[PATCH 1/2] nvmet-rdma: avoid circular locking dependency on install_queue()
Sagi Grimberg
sagi at grimberg.me
Mon Dec 4 04:46:53 PST 2023
On 12/4/23 14:31, Hannes Reinecke wrote:
> On 12/4/23 12:57, Sagi Grimberg wrote:
>>
>>
>> On 12/4/23 13:49, Hannes Reinecke wrote:
>>> On 12/4/23 11:19, Sagi Grimberg wrote:
>>>>
>>>>
>>>> On 11/20/23 15:48, Sagi Grimberg wrote:
>>>>>
>>>>>>> According to 777dc82395de ("nvmet-rdma: occasionally flush ongoing
>>>>>>> controller teardown") this is just for reducing the memory
>>>>>>> footprint.
>>>>>>> Wonder if we need to bother, and whether it won't be better to
>>>>>>> remove
>>>>>>> the whole thing entirely.
>>>>>>
>>>>>> Well, Sagi added it, so I'll let him chime in on the usefulness.
>>>>>
>>>>> While I don't like having nvmet arbitrarily replying busy and instead
>>>>> have lockdep simply just accept that its not a deadlock here, but
>>>>> we can
>>>>> simply just sidetrack it as proposed I guess.
>>>>>
>>>>> But Hannes, this is on the other extreme.. Now every connect that
>>>>> nvmet
>>>>> gets, if there is even a single queue that is disconnecting (global
>>>>> scope), then the host is denied. Lets give it a sane backlog.

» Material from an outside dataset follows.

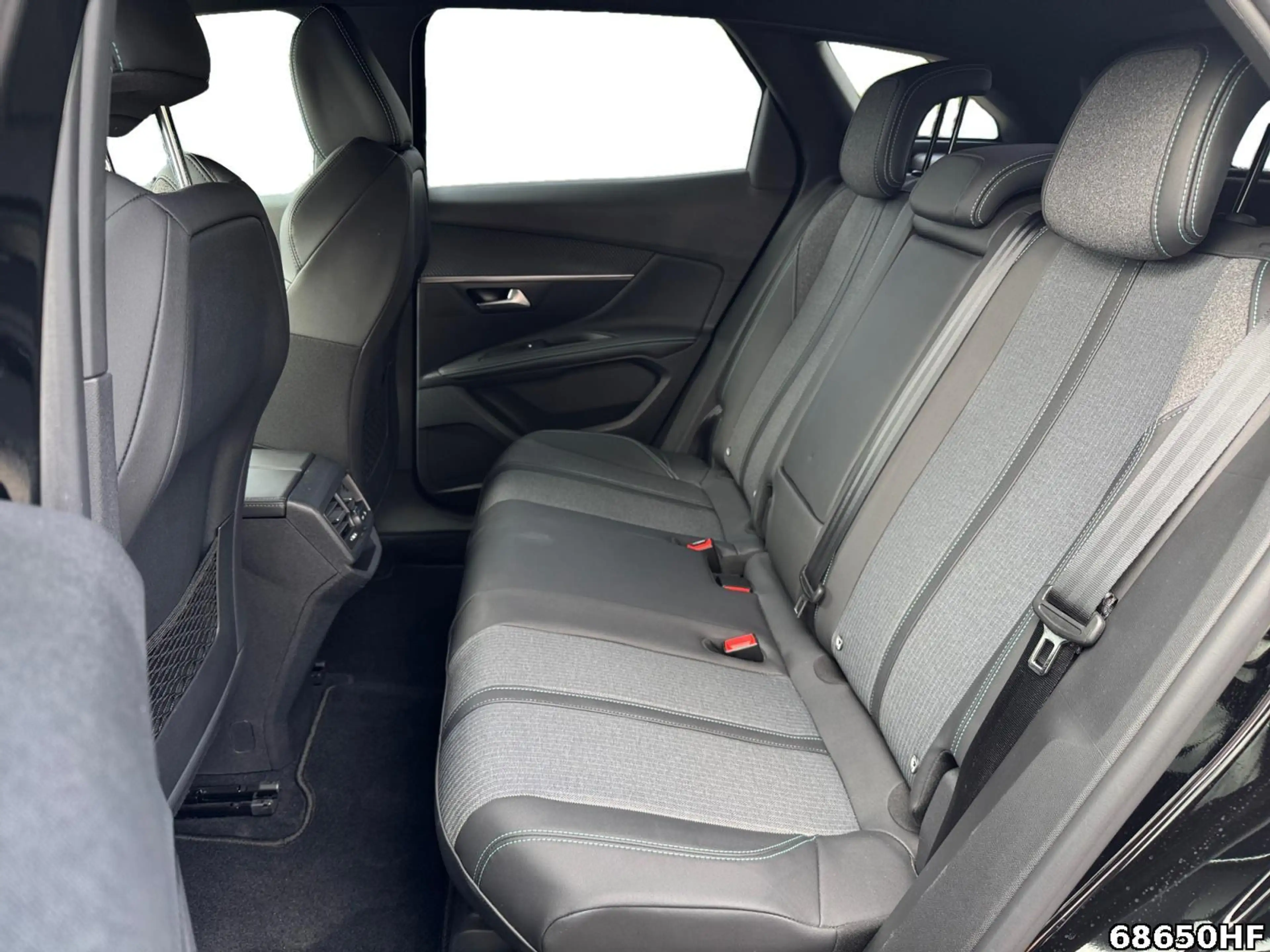 Peugeot 3008 1.2 PureTech 130 Allure Pack (EURO 6d) — photo 12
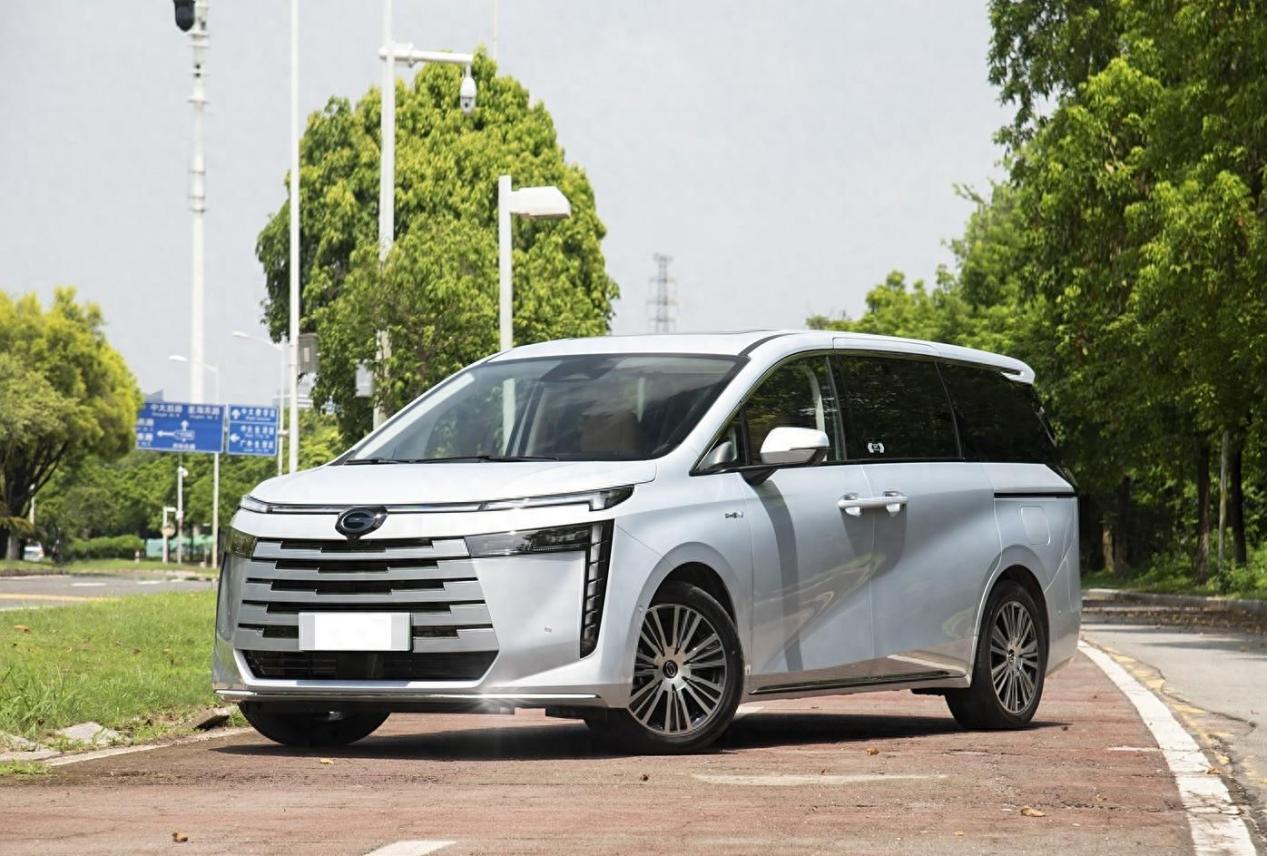 全新中型插混MPV，车长超4米9，配双零重力座椅，综合续航1200Km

>>>>> We use rdma_listen backlog of 128, so maybe stick with this magic
>>>>> number... This way we are busy only if more than 128 queues are
>>>>> tearing
>>>>> down to prevent the memory footprint from exploding, and hopefully
>>>>> it is
>>>>> rare enough that the normal host does not see an arbitrary busy
>>>>> rejection.
>>>>>
>>>>> Same comment for nvmet-tcp.
>>>>
>>>> Hey Hannes, anything happened with this one?
>>>>
>>>> Overall I think that the approach is fine, but I do think
>>>> that we need a backlog for it.
>>>
>>> Hmm. The main issue here is the call to 'flush_workqueue()', which
>>> triggers the circular lock warning. So a ratelimit would only help
>>> us so much; the real issue is to get rid of the flush_workqueue()
>>> thingie.
>>>
>>> What I can to is to add this:
>>>
>>> diff --git a/drivers/nvme/target/tcp.c b/drivers/nvme/target/tcp.c
>>> index 4cc27856aa8f..72bcc54701a0 100644
>>> --- a/drivers/nvme/target/tcp.c
>>> +++ b/drivers/nvme/target/tcp.c
>>> @@ -2119,8 +2119,20 @@ static u16 nvmet_tcp_install_queue(struct
>>> nvmet_sq *sq)
>>> container_of(sq, struct nvmet_tcp_queue, nvme_sq);
>>>
>>> if (sq->qid == 0) {
>>> + struct nvmet_tcp_queue *q;
>>> + int pending = 0;
>>> +
>>> /* Let inflight controller teardown complete */
>>> - flush_workqueue(nvmet_wq);
>>> + mutex_lock(&nvmet_tcp_queue_mutex);
>>> + list_for_each_entry(q, &nvmet_tcp_queue_list,
>>> queue_list) {
>>> + if (q->nvme_sq.ctrl == sq->ctrl &&
>>> + q->state == NVMET_TCP_Q_DISCONNECTING)
>>> + pending++;
>>> + }
>>> + mutex_unlock(&nvmet_tcp_queue_mutex);
>>> + /* Retry for pending controller teardown */
>>> + if (pending)
>>> + return NVME_SC_CONNECT_CTRL_BUSY;
>>> }
>>>
>>> which then would only affect the controller we're connecting to.
>>> Hmm?
>>
>> Still I think we should give a reasonable backlog, no reason to limit
>> this as we may hit this more often than we'd like and the sole purpose
>> here is to avoid memory overrun.
>
> So would 'if (pending > tcp_backlog)' (with eg tcp_backlog = 20) fit the
> bill here?
Yes I think so, we already place a listen backlog, so maybe we can reuse
that as NVME_TCP_BACKLOG or something. The same should apply to nvme-rdma.